If we want to check whether a boolean formula is satisfiable, we need to apply each combination to the formula until we
get a 1 as the result of evaluation. In the worst case, we need to apply all the 2ⁿ possible combinations.
Consider the 3-CNF formula, (x₁ ∪ ¬x₁ ∪ ¬x₂) ∩ (x₃ ∪ x₂ ∪ x₄) ∩ (¬x₁ ∪ ¬x₃ ∪ ¬x₄) ∩ (x₂ ∪ x₁ ∪ ¬_x3). There are 4 variables. Each variable can have two possible values, 0 or 1. There are 2⁴ combinations.So the time complexity of this problem is Θ(2ⁿ). (not polynomial time) If we are given a certificate containing a satisfiable assignment for a formula, then we can easily verify it in polynomial time.
For example, for the above formula, if we are given a certificate saying that if x¹ = 0, x² = 1, x³ = 0, x⁴ = 1, then
just applying these values to the formula, we get,

(x₁ ∪ ¬x₁ ∪ ¬x₂) ∩ (x₃ ∪ x₂ ∪ x₄) ∩ (¬x₁ ∪ ¬x₃ ∪ ¬x₄) ∩ (x₂ ∪ x₁ ∪ ¬_x3)
=(0 ∪ ¬0 ∪ ¬1) ∩ (0 ∪ 1 ∪ 1) ∩ (¬0 ∪ ¬0 ∪ ¬1) ∩ (1 ∪ 0 ∪ ¬0)
=(0 ∪ 1 ∪ 0) ∩ (0 ∪ 1 ∪ 1) ∩ (1 ∪ 1 ∪ 0) ∩ (1 ∪ 0 ∪ 1)
=1 ∩ 1 ∩ 1 ∩ 1 ∩ 1=1
This can be done in linear time.
So the 3-CNF-SAT problem is in class NP.

Step 2: Prove that 3-CNF-SAT problem is NP-hard.
We know that a problem is NP-Hard, if every problem in NP can be reduced to this problem in polynomial time.
The approach we used is as follows:
In the previous section, we already proved that all NP problems can be reduced to SAT. Then, if we can reduce SAT to 3-CNF-SAT in polynomial time, we can say that 3-CNF-SAT is NP-hard.

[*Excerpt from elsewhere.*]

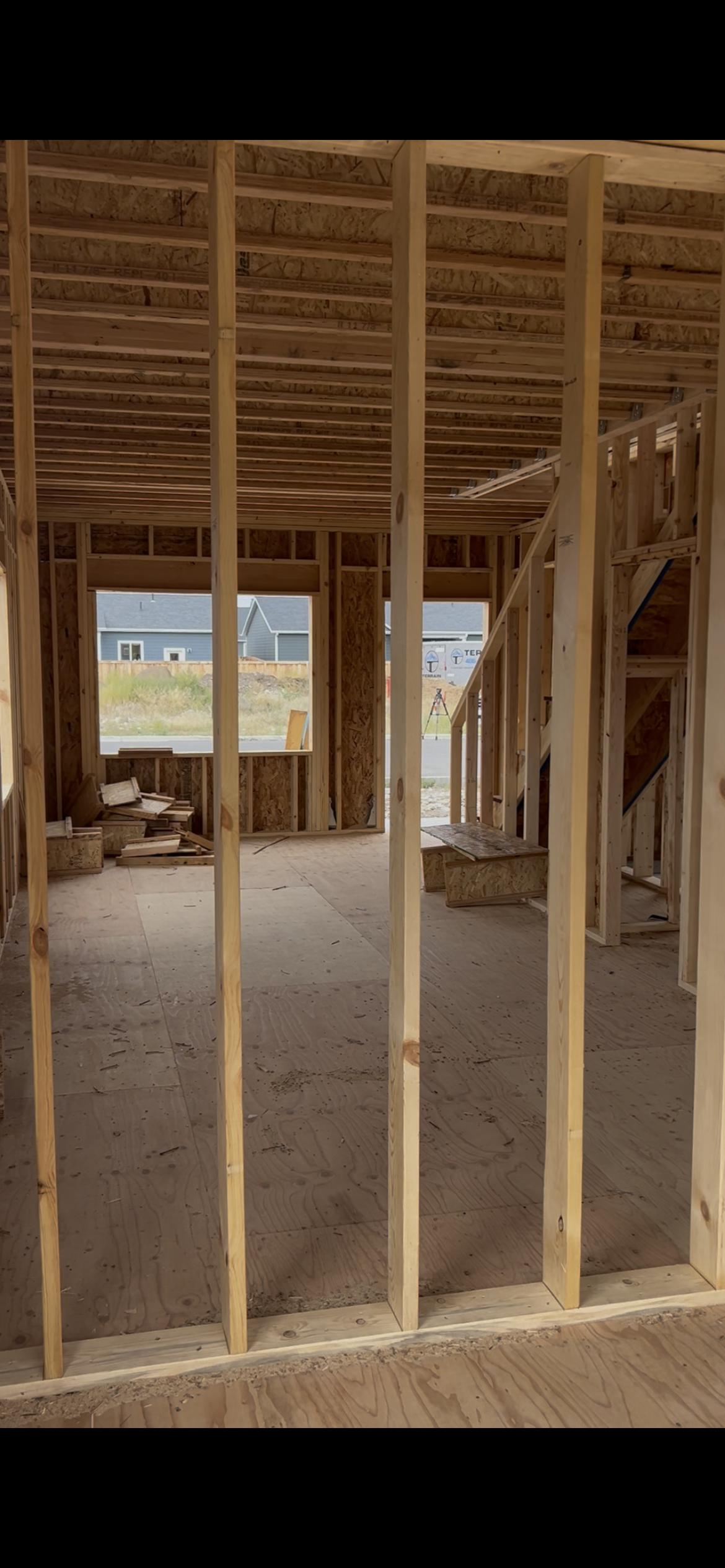 Inside of the framed home showing the living room to be.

We learned in the subject, ’logic design’ that any boolean formula can be expressed in CNF. Then, a boolean formula
in CNF can be rewritten in 3-CNF.
Consider a boolean formula as follows:
a ∪ b ∪ c ∪ d
This can be converted to 3-CNF as,
(a ∪ b ∪ x) ∩ (c ∪ d ∪ x)
Thus any boolean formula can be transformed to a 3-CNF boolean formula. This can be done using De Morgan’s laws.
That means SAT problem can be reduced to 3-CNF-SAT problem. That is, 3-CNF-SAT is NP-hard.

In step 1, we proved that 3-CNF-SAT is in NP.
In step 2, we proved that 3-CNF-SAT is NP-hard.
So, 3-CNF-SAT is an NP-complete problem.